## The task
From the first line to the last, copy the listing exactly and omit the pictures.

## Data
* * * * * * * * *
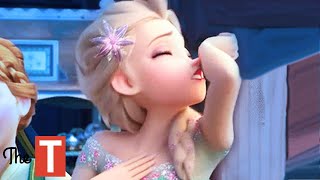 10 Paused Disney Movie Moments That Change Everything [upl. by Cud164]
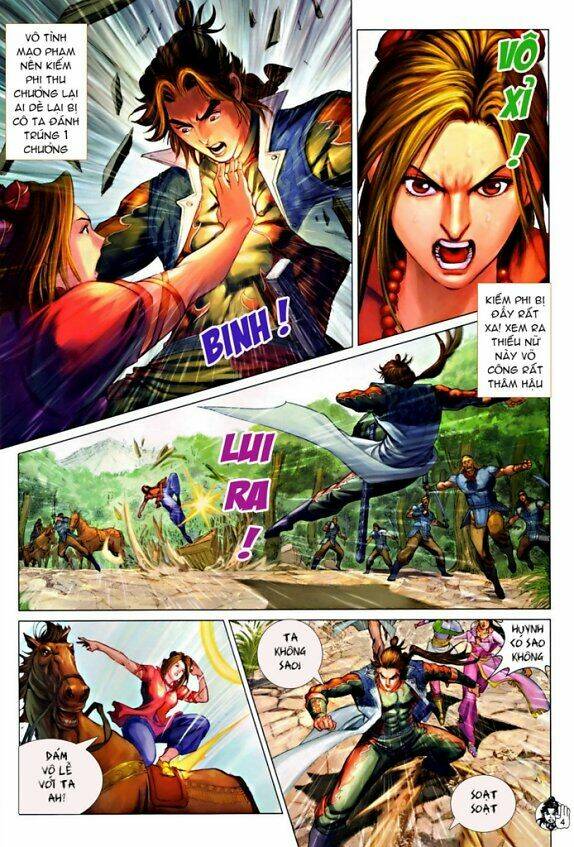 thần chưởng long kiếm phi chapter 47 4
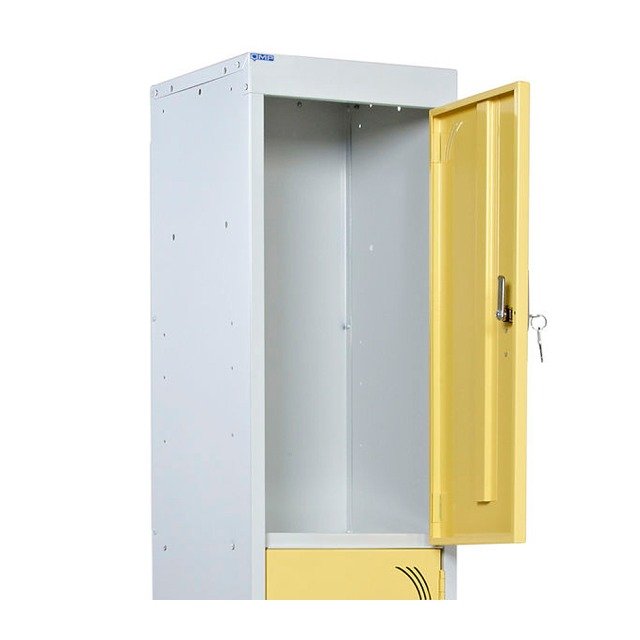 Armour 3 Door Locker - Image 3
* * * * * * * * *
## Response to this exercise
 10 Paused Disney Movie Moments That Change Everything [upl. by Cud164]
 thần chưởng long kiếm phi chapter 47 4
 Armour 3 Door Locker - Image 3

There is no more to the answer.